Светлый фон

— А канал будет, — пленник улыбнулся уже почти ласково. — Ты не видел, Энвер, что такое полностью развернутый мехкорпус. А я видел и даже служил в нем. Ты не знаешь, что Акоп Мелкумян поклялся на сабле отомстить за убийства армян, и что его бригада уже выгружается в Ашхабаде. Поутру радисты не получат от нас оговоренный сигнал — и все. Вы просто не успеете добежать до Гиндукуша!

Теперь уже Энвер-паша попытался отодвинуться, но в кромешной ночи, в накатывающем холоде, скрыться от хриплого шепота не смог:

— … Наконец, паша, ты не знаешь, что за твой мятеж у Турции взят обратно Карс и передан Закавказской Республике. Ты убивал армян сотнями, но армяне теперь танцуют на улицах. Их дело победило. Так, Энвер. А другой правды у меня для тебя нет!
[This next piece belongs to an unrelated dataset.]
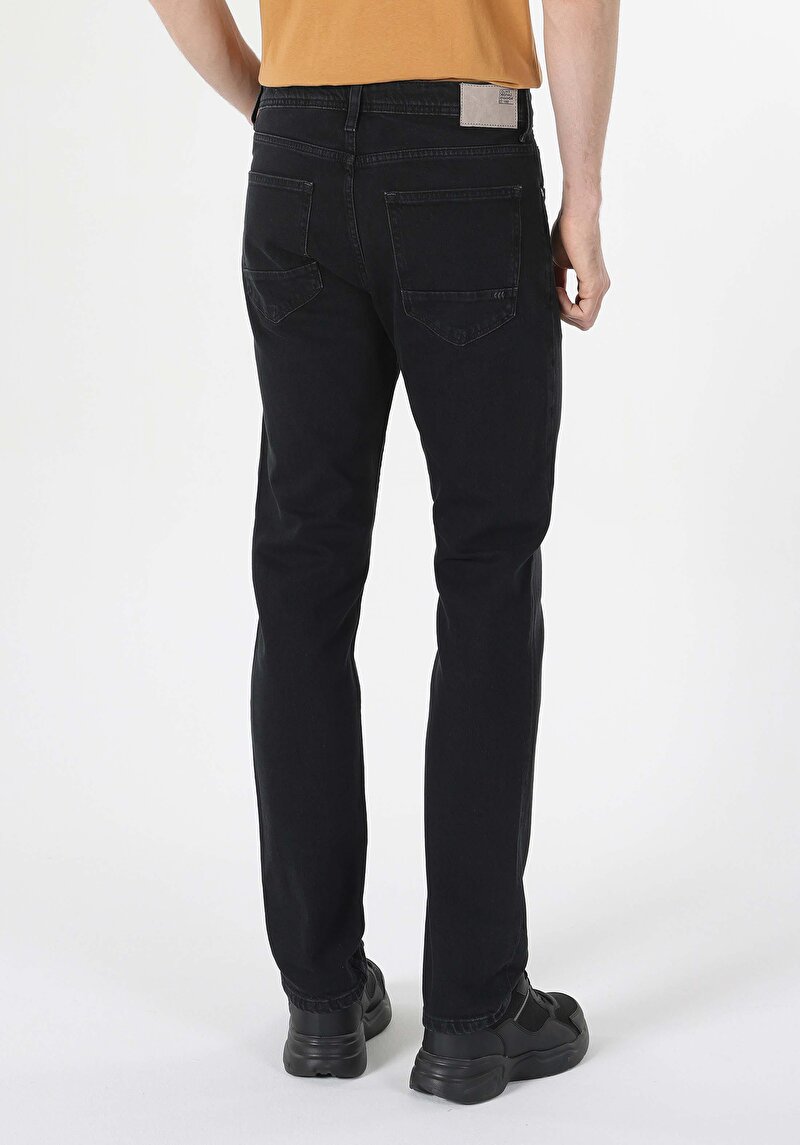 Afișați detalii pentru Pantaloni De Barbati Denim Straight Fit 044 Karl Cl1062405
Халлаб снова выступил чуть вперед, захрустел холодным песком:

— Гяур… Поклянись богом, что ты не соврал о канале.

— Я в бога не верю.

— Поклянись тем, во что веришь!

Пленник засмеялся-закашлялся, словно бы растревоженный филин взлетел из брошенного разбитого дома:

— Верую, что квадратный сантиметр стали выдержит две тысячи сто килограммов, сварной же шов только тысячу пятьсот восемьдесят.

— Будь же ты проклят, неверная собака!

Энвер-паша поднял руку для удара — и повис на кинжале Халлаба, и туркмен сказал бывшему эфенди, бывшему владыке Турции, бывшему повелителю Восточной Бухары, бывшему человеку:

— Ты богатый выкрест, Энвер. Ты оскорбил Пророка, называя себя сейидом. Твой предок молился распятому богу кафиров, служил Гиреям и только в Бахчисарае принял истинную веру. Когда же Белый Царь выгнал Гирея из Крыма, твой род переселился в Дунайские княжества. Ты всегда жил там, где много воды и зелени. Не тебе судить, что будет и чего не будет в Ашхабаде, Мары и Тедженте!

Вторым ударом туркмен оборвал хрип Энвера, оттолкнул навалившееся тело, выдернул кинжал.

Распрямился, подошел теперь к пленнику, замахнулся и ударил снизу, под ребра. Длинный кинжал дошел до сердца. Голый кафир повис на руках моджахедов, а потом сполз на песок, словно большая лоснящаяся змея.

— Перерезать их всех! И позвать ко мне сыновей!

Молодой родич забежал за гребень, и крики пленных там очень скоро стихли. Подошли сыновья Халлаба, все четверо. Вернулся и племянник, а с ним недовольный Джевет:

— О, эфенди, твоя мудрость несомненна. Но как быть храбрым воинам, лишенным заслуженной победы?

Жест — и рыжеусый ференг загнут лицом в холодный уже песок, и жесткие руки рвут с него распоротую одежду, заталкивают в рот.

— До утра вам хватит, потом и его прикончите. Слушайте мой приказ! Если слова кафира верны, то, выходит, в газетах тоже написана правда. И тогда нас помилуют. Завтра… Я пойду и сдамся русским, и скажу, что все это сделал я. Если… Меня казнят… Вы собираете семьи, уходите в Герат, к двоюродному брату моей старшей ханум, Али-Асад Рахману. Тогда он будет старший, он и скажет, что дальше.